Fly.io's Broadcast Challenges
Apr 09, 2026This is another post about the series of distributed systems challenges by Fly.io. I’ve talked about using Snowflake and Raft consensus to solve Challenge #2: Unique ID Generation, in Implementing Snowflake Unique ID Generation and Generating Unique IDs with Raft Consensus. Now we’re going to discuss a set of Broadcast challenges that start at Challenge #3a: Single-Node Broadcast.
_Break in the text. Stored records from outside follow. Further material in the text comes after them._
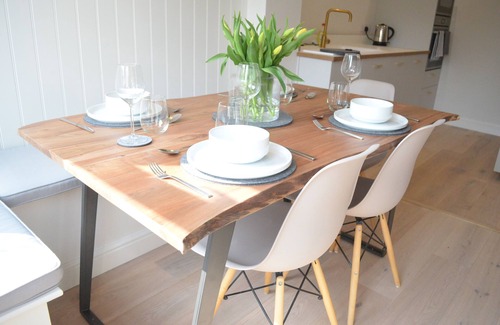 Snettisham House | NEW LISTING - Owl's Hoot - Cosy Dog Friendly Cottage with log burner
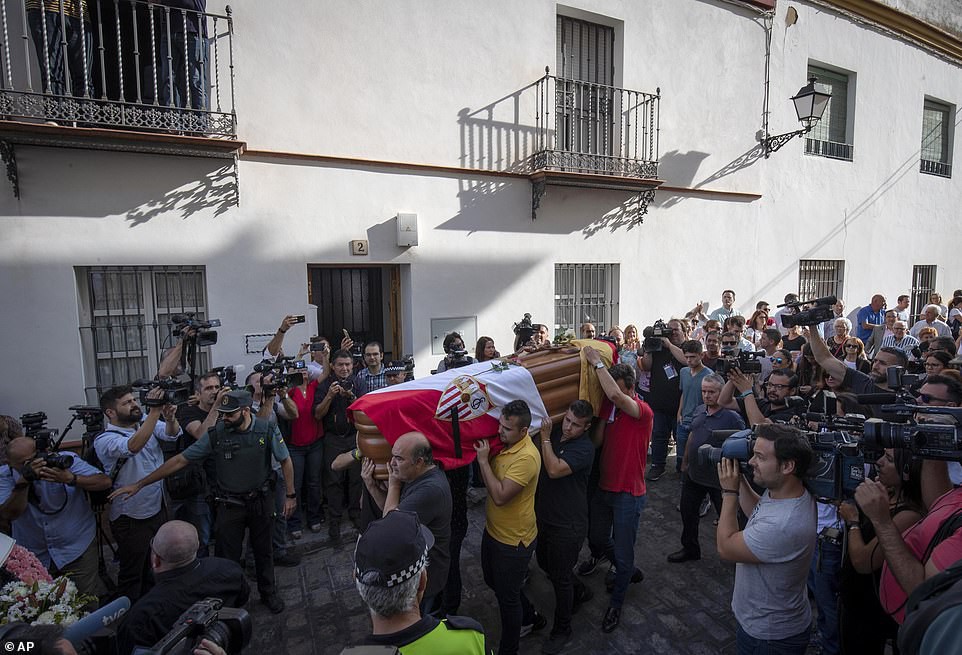 Thành phố quê nhà chìm trong nước mắt và tang thương trong ngày tiễn đưa cựu tiền vệ tài hoa nhưng đoản mệnh Antonio Reyes - Ảnh 10.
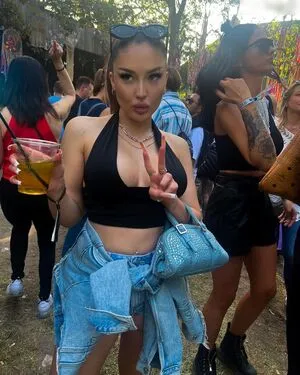 Mammmichulaaa OnlyFans Leaked Free Thumbnail Picture - #MZRfEbDX2a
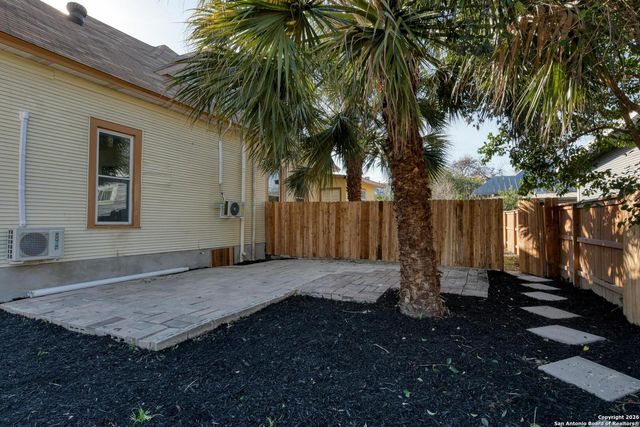 224 E Rische, San Antonio, TX 78204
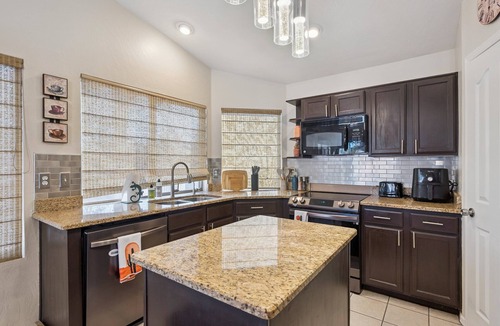 Finley Farms South House | Gilbert Poolside Retreat | Home w/Private Pool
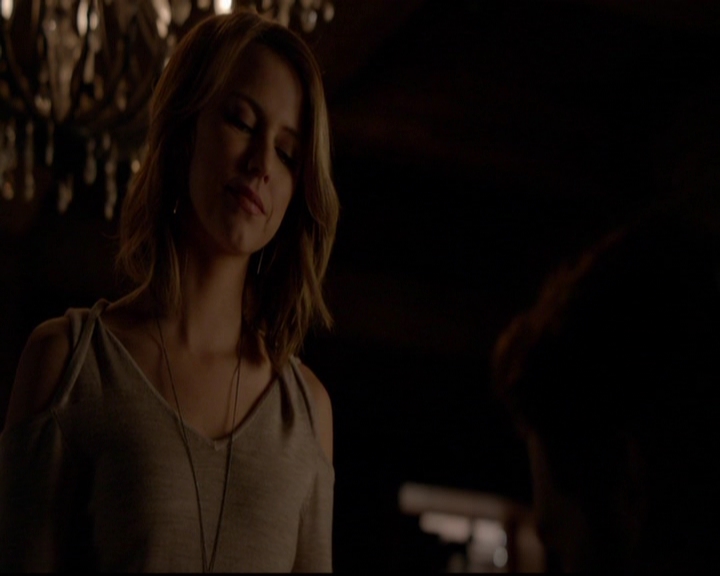 VampireDiariesWorld-dot-nl_TheOriginals_3x13HeartShapedBox2094.jpg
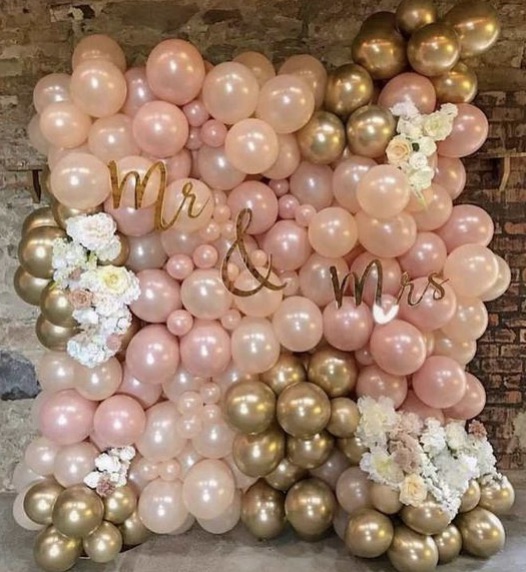 custom balloon bouquet | 1353 Linstead St, Oshawa, ON L1K 2V4, Canada | Phone: (647) 410-2625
In this set, we are given the task of implementing a gossip algorithm that is fault-tolerant and efficient. We start at a simple single-node implementation, move towards a multi-node one, then implement fault tolerance, and last, try to improve its efficiency. It is really nice how the challenges are set up and how you can build on top of the previous solution.
Single-node
There’s not much to discuss here. The solution is straightforward: receive the message, record it, and send broadcast_ok back. The only thing to be aware of is to make sure there are no duplicates.
code: single-node
Multi-node
Keeping it simple is enough for this challenge. We can simply broadcast any new message to every neighbor we know. The interesting thing about this challenge is the fact that only new messages can be sent. If that check is not done, messages will be in a loop, hopping from node to node, congesting the network. This hints to us at the importance of trying to keep the network congestion low.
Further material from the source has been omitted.